Am I wrong thinking that there is something wrong with this code?

class ViTBlock(nn.Module):
    def __init__(self, num_hiddens, norm_shape, mlp_num_hiddens,
                 num_heads, dropout, use_bias=False):
        super().__init__()
        self.ln1 = nn.LayerNorm(norm_shape)
        self.attention = d2l.MultiHeadAttention(num_hiddens, num_heads,
                                            dropout, use_bias)
    self.mlp = ViTMLP(mlp_num_hiddens, num_hiddens, dropout)
def forward(self, X, valid_lens=None):
    X = self.ln1(X)
    return X + self.mlp(self.ln2(
        X + self.attention(X, X, X, valid_lens)))

More specifically the forward method.

Based on the schema in Fig.11.8.1. we take input, normalize it but keep the original one, which later we will sum with the output from Multi-head attention later and the same for block with MLP inside.

But in the code from forward method:

def forward(self, X, valid_lens=None):
    X = self.ln1(X)
    return X + self.mlp(self.ln2(
        X + self.attention(X, X, X, valid_lens)))

it looks like in the first line the original input is rewritten with the output from ln1 and then it’s used in later operations.

My gut feeling tells me that it should be something like this:

def forward(self, X, valid_lens=None):
    X_norm = self.ln1(X)
    X = X + self.attention(X_norm, X_norm, X_norm, valid_lens)
    X_norm = self.ln2(X)
    return X + self.mlp(X_norm)

Maybe I am missing something…

I think you are right.

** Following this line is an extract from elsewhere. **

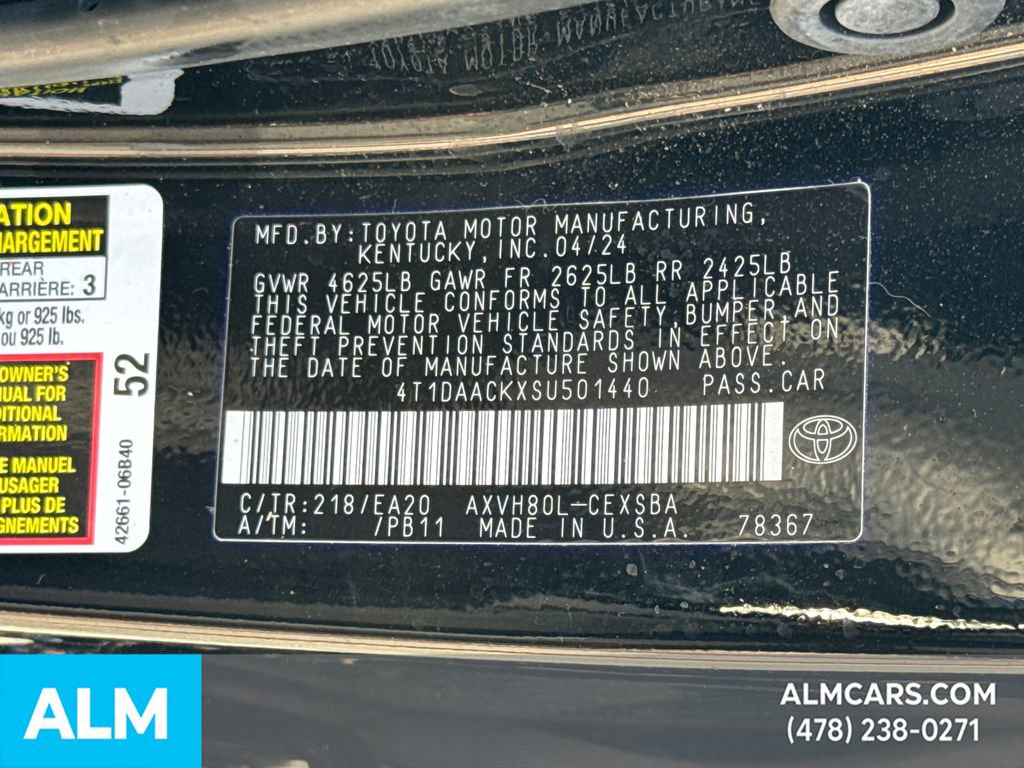 Used 2025 Toyota Camry SE image 35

For me it wouldn’t converge (loss > 2.0, accuracy ~ 0.1), although I had to modify the code for an older torch version.
Then with the fixed forward function it works well, accuracy ~ 0.7 after 10 epochs.

Excuse me, can CNN be added to ViT? How do we modify the codes?

For the record, this issue this fixed.

My solutions to the exs: 11.8

1 Like

The forward pass of vision Transformers below is straightforward. First, input images are fed into an PatchEmbedding instance, whose output is concatenated with the “<cls>” token embedding. They are summed with learnable positional embeddings before dropout. Then the output is fed into the Transformer encoder that stacks num_blks instances of the ViT-Block class. Finally, the representation of the “<cls>” token is projected by the network head.

How could we be certain that what has been learned in these positional embeddings is truly about position?